Anyone here familiar with AMS 2750C?
 
K

Kevin H

I haven't worked to AMS 2750 C (and don't have a access to a copy in my current position), so can't comment about its specific requirements. However in the job prior to this one, I did work to AMS specifications for Precipitation Hardening Steels, and I'd guess that the 2750 C requirements are similar or possibly flowed into the specifications we worked to. We were verifying the capability of the steel to perform to specification by heat treating tensile specimens. One of the first things I did after getting the position was get a temperature uniformity survey of the furnaces to verify their capability. They weren't. We ended up evaluating the effect of the nonuniformity - very luckily, it turned out to be false negatives - good material failed. It cost us time and money, but no bad product was reaching the customer.

Based on the uniformity survey, we reduced the effective working volume of the furnaces to the area that did meet the uniformity requirements and limped along for about a year. During that time I submitted and got approved a capital project to purchase and install a new furnace capable of meeting the heat treating requirements.

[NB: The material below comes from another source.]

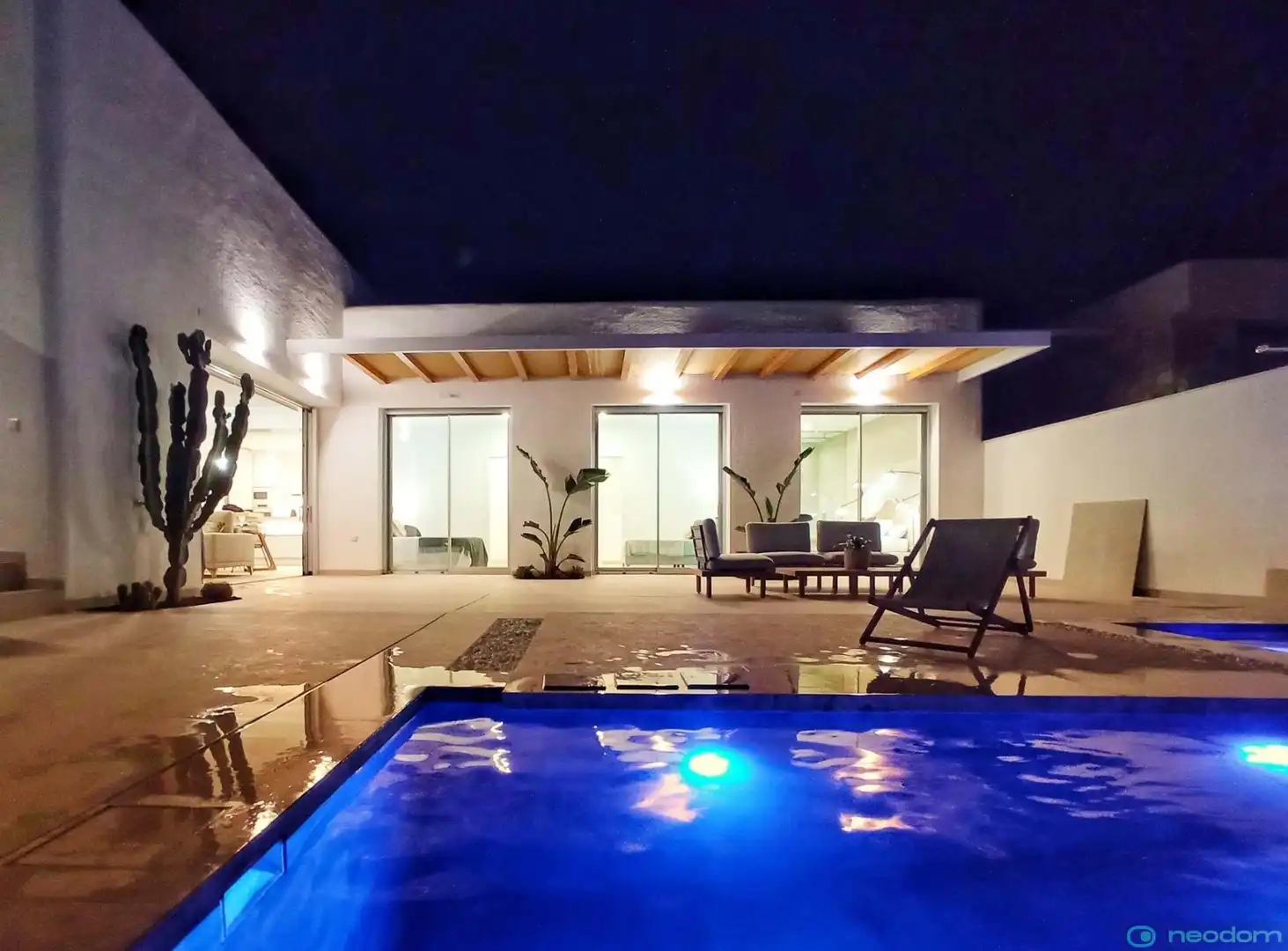 Maison avec piscine à vendre à Benijófar, imagen 39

Personally, before I'd use a furnace for an aerospace application that had failed uniformity, I'd make certain it was repaired and as part of the repairs would require verification of the uniformity. 2 jobs ago (13 years) we were a tier 3 or possibly tier 4 to aerospace among other industries. One of our raw materials could be used make the alloys used to make turbine blades. We had to have basically infinite record retention, because when a turbine failed it was traced all the way back to the raw materials. I personally wouldn't want to be the engineer who didn't follow something exactly in that instance.

Maybe not the most exact answer, but hope it helps a bit.